According to the U.S. Treasury Department, at the end of 2013 the total volume of U.S. treasury securities (bonds and other debt securities) was $12.3 trillion. This is over 70% of the total state debt of the U.S. Approximately $6.5 trillion were held by various American investors, the largest of which was the Federal Reserve, which had around $2.2 trillion in treasury securities on its balance sheet. Foreign security holders owned $5.79 trillion in U.S. treasury securities; first place among them was held by China ($1.27 trillion) and second place by Japan ($1.18 trillion). Russia was in ninth place, with a portfolio of $138.6 billion, or 1.1% of the total volume of U.S. treasury securities. 

It would seem that with such volumes of U.S. treasury securities in the world financial system, the drop in reserves in the Fed's depository looks insignificant. However, everything looks quite different on the backdrop of what has been happening with reserves of these securities in recent years. While at the end of 2013 there were $3.020 billion in treasury securities reserves in the Fed's depository, by March 12 they had fallen to $2855 billion, that is, by $165 billion. And 2/3 of that drop took place during the week of March 5 through 12, 2014. Last year the maximum weekly decrease, recorded in late June 2013 (June 19 through 26), was three times less than the current March decrease. If the withdrawal of treasury securities from the Fed's vaults continues at the same rate as in the period from January 1 through March 12, then over the course of 2014 the securities reserves could go down by about one trillion dollars. 

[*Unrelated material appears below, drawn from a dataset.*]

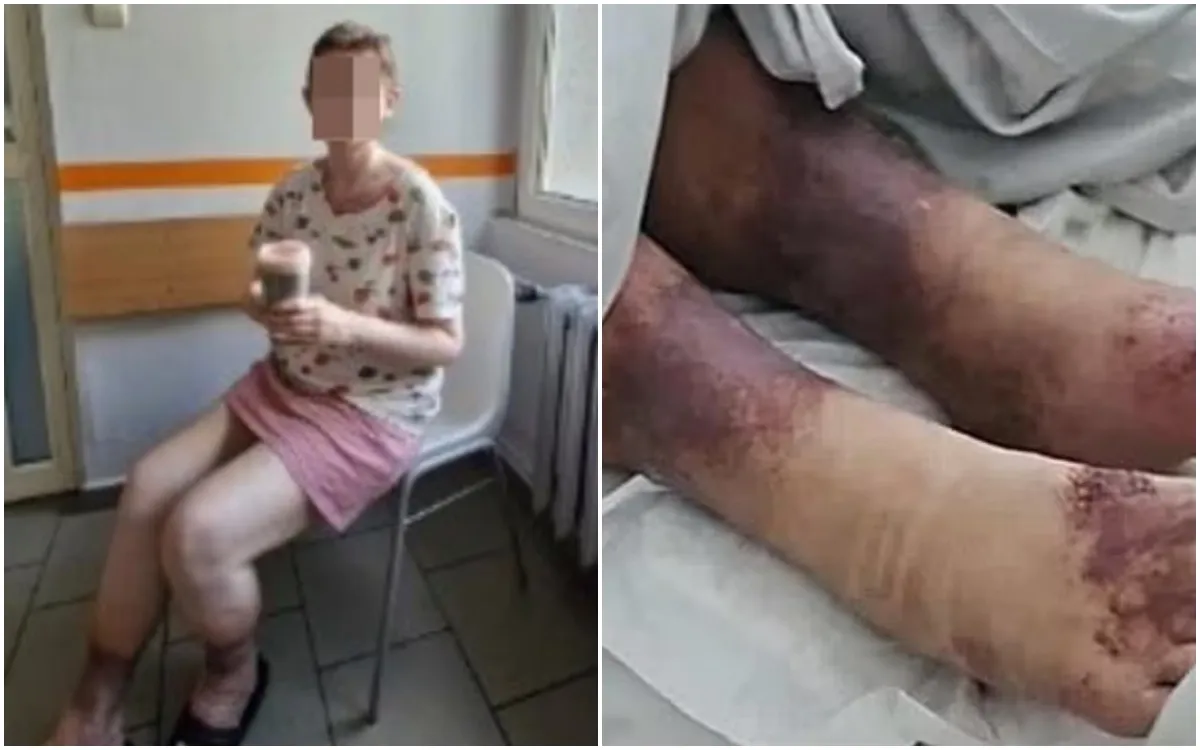 Mirella fue encontrada con vida tras 27 años encerrada en su casa en Polonia.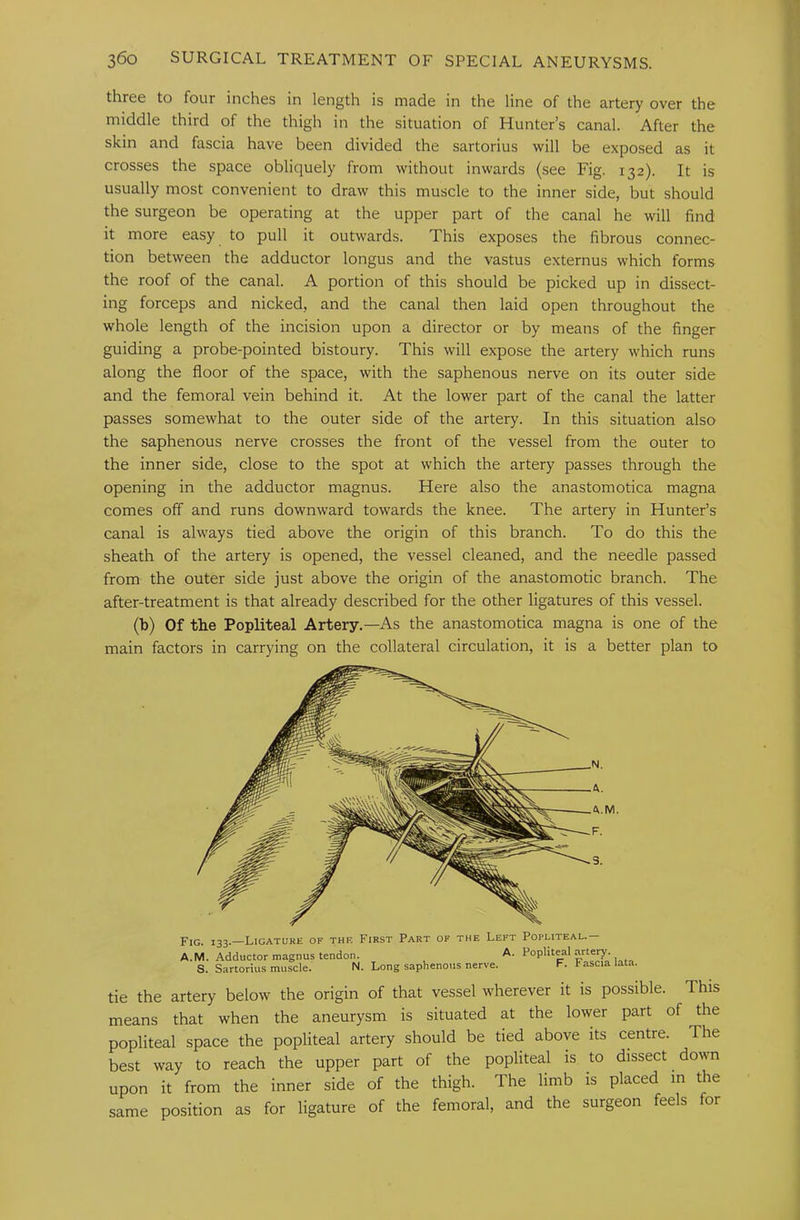 three to four inches in length is made in the line of the artery over the middle third of the thigh in the situation of Hunter’s canal. After the skin and fascia have been divided the sartorius will be exposed as it crosses the space obliquely from without inwards (see Fig. 132). It is usually most convenient to draw this muscle to the inner side, but should the surgeon be operating at the upper part of the canal he will find it more easy to pull it outwards. This exposes the fibrous connec- tion between the adductor longus and the vastus externus which forms the roof of the canal. A portion of this should be picked up in dissect- ing forceps and nicked, and the canal then laid open throughout the whole length of the incision upon a director or by means of the finger guiding a probe-pointed bistoury. This will expose the artery which runs along the floor of the space, with the saphenous nerve on its outer side and the femoral vein behind it. At the lower part of the canal the latter passes somewhat to the outer side of the artery. In this situation also the saphenous nerve crosses the front of the vessel from the outer to the inner side, close to the spot at which the artery passes through the opening in the adductor magnus. Here also the anastomotica magna comes off and runs downward towards the knee. The artery in Hunter’s canal is always tied above the origin of this branch. To do this the sheath of the artery is opened, the vessel cleaned, and the needle passed from the outer side just above the origin of the anastomotic branch. The after-treatment is that already described for the other ligatures of this vessel. (b) Of tbe Popliteal Artery.—As the anastomotica magna is one of the main factors in carrying on the collateral circulation, it is a better plan to Fig. 133.—Ligature of the First Part of the Left Popliteal.— A.M. Adductor magnus tendon. A. Poplit^l artery. S. Sartorius muscle. N. Long saphenous nerve. F. Fascia lata. tie the artery below the origin of that vessel wherever it is possible. This means that when the aneurysm is situated at the lower part of the popliteal space the popliteal artery should be tied above its centre. The best way to reach the upper part of the popliteal is to dissect dovm upon it from the inner side of the thigh. The limb is placed in the same position as for ligature of the femoral, and the surgeon feels for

Neither the Federal Reserve nor the U.S. Treasury Department is giving any details on the reduction in U.S. treasury securities reserves. But there are theories. Almost all analysts agree that the withdrawal of securities from the Federal Reserve's depository was made by Russia, but experts differ in their opinions on the subsequent fate of the withdrawn securities… It is highly unlikely that the Bank of Russia needed the securities in order to turn them into cash currency and stabilize the exchange rate of the ruble. If over $100 billion in treasury securities were thrown out onto the market, it would immediately react with a drop in prices for these securities. However, this has not happened. Furthermore, analysts have noted that during the week in question (March 5-12) a drop in the yield of U.S. treasury securities was recorded. While at the beginning of March the yield of 10-year treasury securities was 2.73%, on March 13 the yield was 2.63%. According to market laws, releasing $100 billion in securities onto the market should, on the contrary, lead to a decrease in prices and an increase in yield. 

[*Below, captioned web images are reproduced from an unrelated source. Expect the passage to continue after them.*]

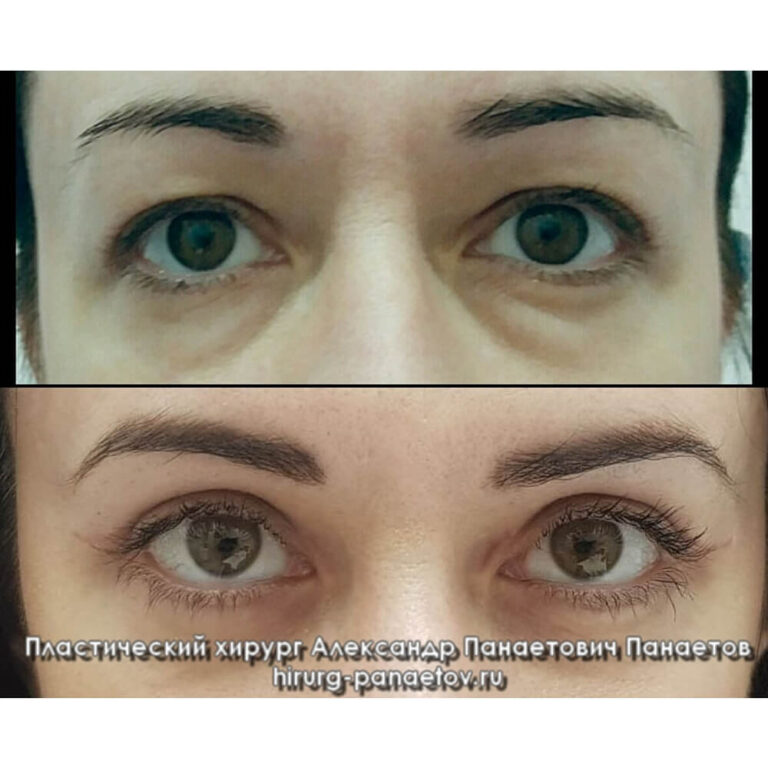 Пластика век — блефаропластика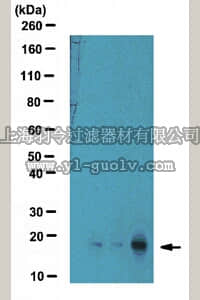 merck millipore,默克密理博,ABE289,Anti-trimethyl-Histone H3 (Lys18) Antibody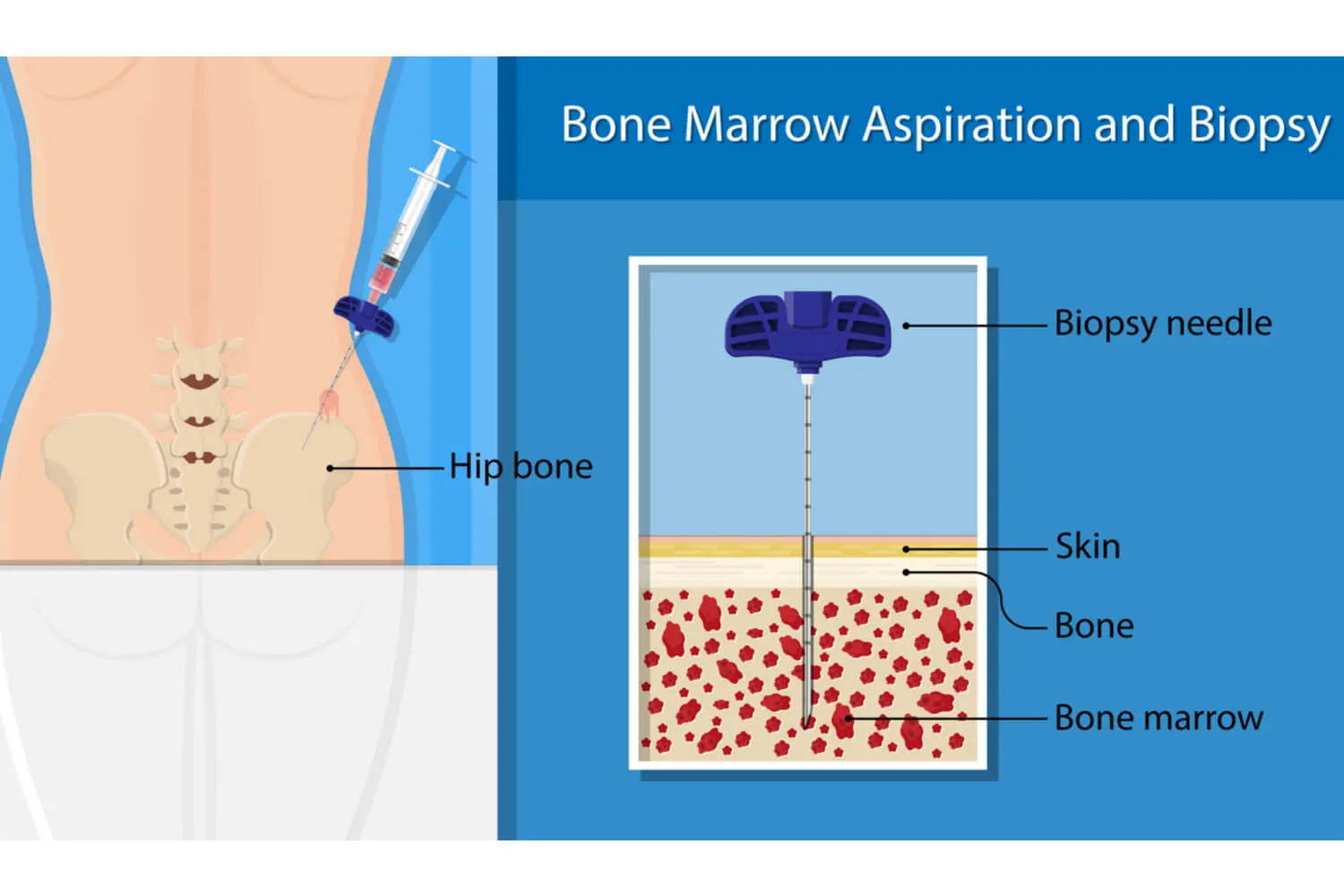 Bone Marrow Aspiration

Another theory on the abrupt decrease in U.S. treasury securities reserves looks more plausible: that Russia has transferred its treasury securities from the American depository to some other depository outside Washington's direct sphere of influence. Experts link this withdrawal with events in Ukraine and Crimea and expected U.S. sanctions against the Russian Federation. One should bear in mind that the Federal Reserve is not the only depository for U.S. treasury securities. This function can also be (and is) performed by the central banks of some countries, the Bank for International Settlements, and private banks, including those in offshore zones. There is no overall picture available in open sources of the distribution of world U.S. treasury securities reserves among depositories. There is fragmentary information about some alternative depositories to the Federal Reserve. For example, at the end of 2013 the Central Bank of Belgium had $256.8 billion in U.S. treasury securities on deposit, and the reserve increased over December of last year by 28%. 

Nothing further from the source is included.